Die Ampel-Fraktionen dringen auf eine rasche Entscheidung über den von ihnen vorgelegten Gesetzentwurf. Dadurch werde die Möglichkeit eröffnet, das neue System bereits bei der nächsten Bundestagswahl anzuwenden, sagte Till Steffen (Grüne) am Montag in Berlin. Zu dem Entwurf werde es voraussichtlich im Februar eine Expertenanhörung im Bundestag geben. Die letzte Änderung im Wahlrecht hatte die Große Koalition im Oktober 2020 gegen den Widerstand von Grüne, Linke und FDP durchgesetzt. Die Reform beinhaltete zum einen die Einführung sogenannter ausgleichsloser Überhangmandate: Bis zu drei Überhangmandate einer Partei konnten demnach nicht durch Ausgleichsmandate kompensiert werden, wenn der Bundestag seine Soll-Größe überschritten hat. Grüne, Linke und FDP hatten damals einen Verstoß gegen das Gebot der Normenklarheit aus Art. 20 Abs. 3 GG in Verbindung mit Art. 20 Abs, 1 und 2 GG sowie gegen die Wahlrechtsgleichheit (Art. 38 Abs. 1 GG) und die Chancengleichheit der Parteien (Art. 21 Abs. 1 GG) gerügt und waren vor das Bundesverfassungsgericht gezogen - ohne Erfolg. Zum anderen hatten Union und SPD vereinbart, die Zahl der Wahlkreise von 299 auf 280 zu reduzieren. Grüne, Linke und FDP waren ihrerseits mit dem Vorschlag, die Anzahl der Wahlkreise noch weiter auf 250 zu reduzieren, gescheitert.
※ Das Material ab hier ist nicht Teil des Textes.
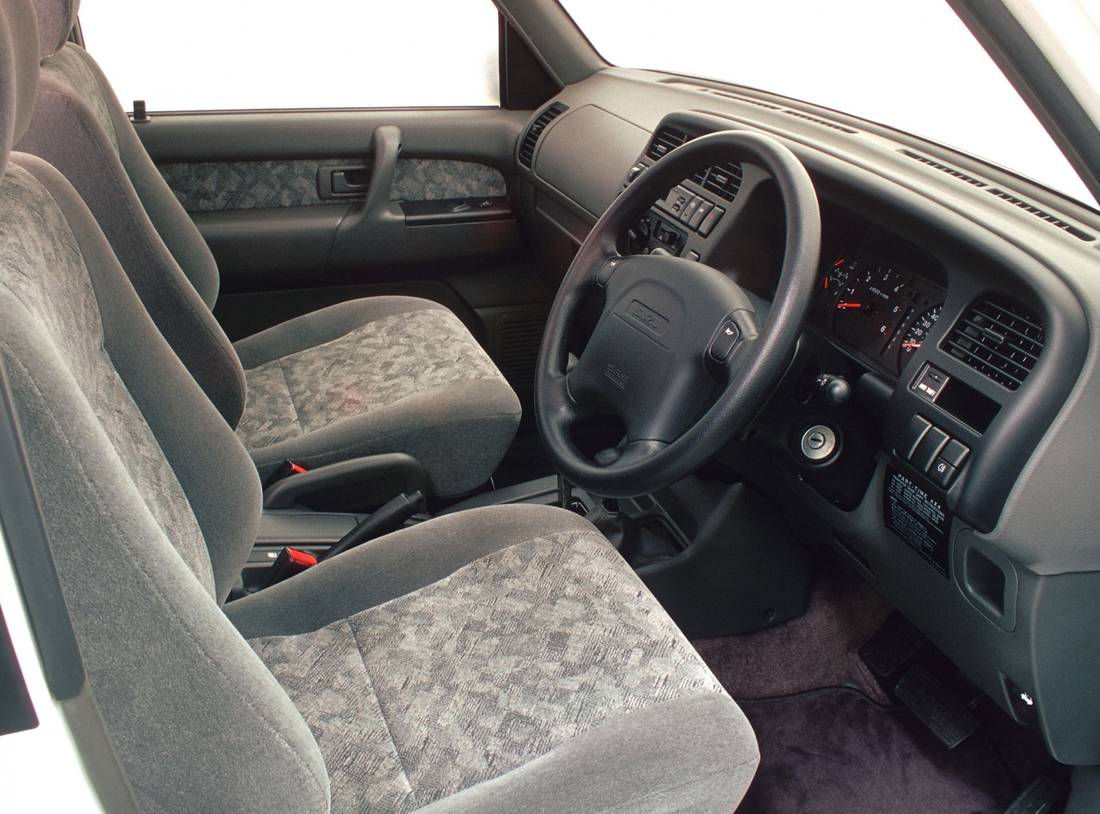 isuzu-trooper-interior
Neue Namen: Wahlkreisstimme und Hauptstimme

Eine (weitere) Reduzierung der Wahlkreise ist in dem nunmehr vorgelegten Ampel-Entwurf nicht mehr vorgesehen. Auch an der sogenannten Grundmandatsklausel soll nicht gerüttelt werden. Von ihr profitieren kleine Parteien, die zwar an der Fünf-Prozent-Hürde scheitern, aber mindestens drei Direktmandate gewinnen. Sie dürfen dann trotzdem entsprechend ihrem Zweitstimmenergebnis in den Bundestag einziehen. Geändert werden sollen jedoch die Bezeichnungen der beiden Stimmen: Aus der Erststimme soll die "Wahlkreisstimme" werden und aus der Zweitstimme die "Hauptstimme".
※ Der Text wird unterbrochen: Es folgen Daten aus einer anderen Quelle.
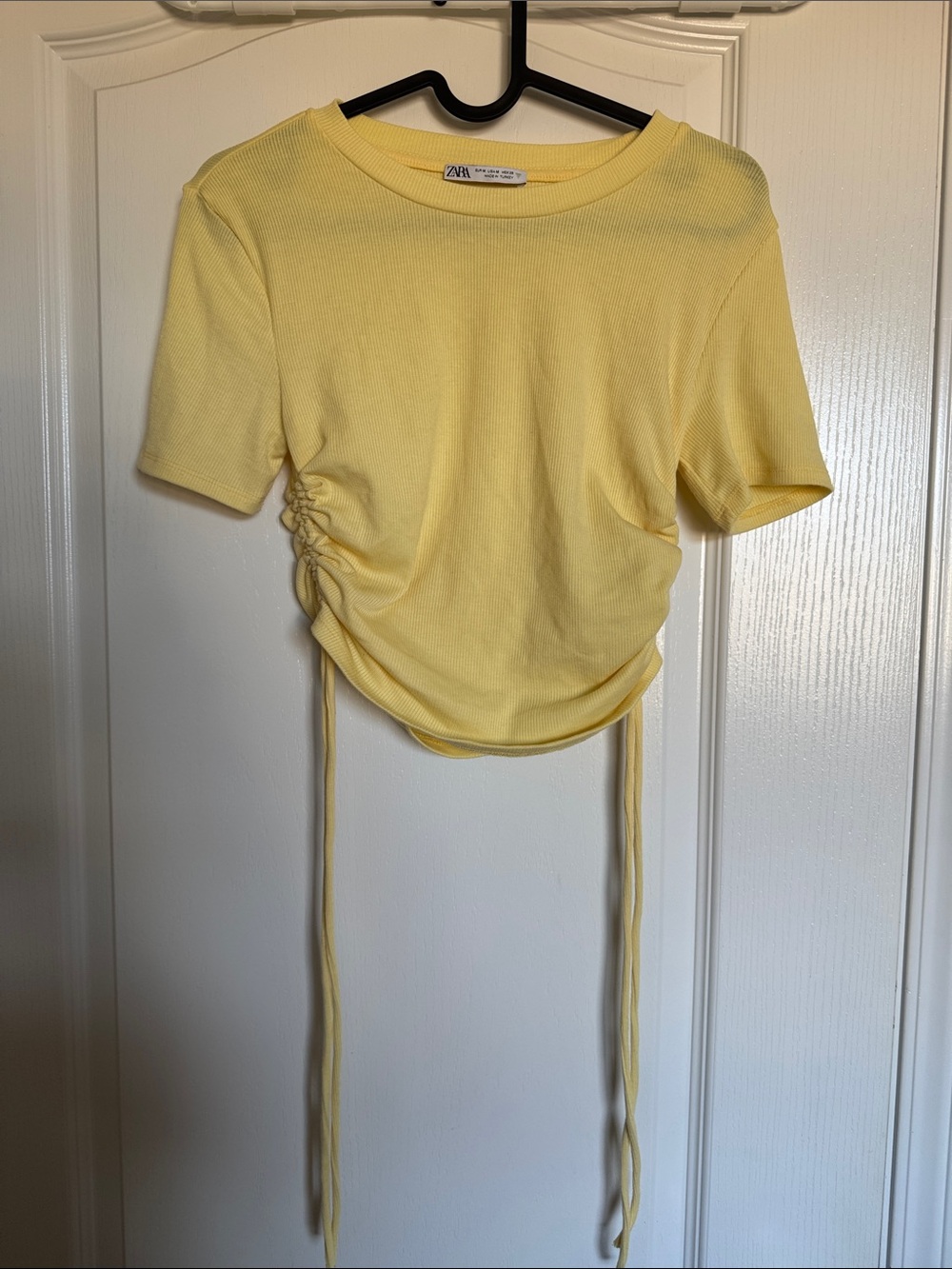 NWOT ZARA Pale Yellow Ribbed Short Sleeve Ruched Crop Top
Wahlkreiskommission schlägt Neuabgrenzungen zahlreicher Wahlkreise vor

Passend zum Thema hat die Wahlkreiskommission ihren Bericht für die 20. Wahlperiode des Deutschen Bundestages vorgelegt. In Bezug auf die nach der geltenden Gesetzeslage Anfang 2024 in Kraft tretende Reduzierung der Wahlkreise schlägt die Kommission insbesondere eine Neuabgrenzungen zahlreicher Wahlkreise vor. Wie aus dem Bericht hervorgeht, würden sich bei einer Verteilung von 280 Wahlkreisen auf die 16 Bundesländer umfangreiche Veränderungen ergeben. So seien Bremen, Hamburg, Mecklenburg-Vorpommern und Thüringen die einzigen Länder, die nicht von der Reduzierung der Wahlkreise betroffen seien, während in den übrigen Ländern die Zahl der Wahlkreise um ein bis höchstens vier Wahlkreise zurückgehe. Auf jeweils einen Wahlkreis weniger kämen danach Berlin, Brandenburg, Rheinland-Pfalz, Sachsen, Sachsen-Anhalt, Schleswig-Holstein und das Saarland. In Baden-Württemberg, Bayern, Hessen und Niedersachsen sinke die Zahl der Wahlkreise um jeweils zwei und in Nordrhein-Westfalen um vier. Insgesamt schlägt die Kommission in 13 Ländern Neueinteilungen beziehungsweise anderweitige Anpassungen vor, von denen 124 Wahlkreise betroffen sind. Sollte die von den Ampel-Fraktionen nun vorgeschlagene Reform beschlossen werden, wäre dies obsolet. Denn laut dem Gesetzentwurf bleibt es bei der bisherigen Einteilung in 299 Wahlkreise und bei zwei Stimmen, die jede Wählerin und jeder Wähler vergeben kann.

Redaktion beck-aktuell, Miriam Montag, 16. Januar 2023 (ergänzt durch Material der dpa).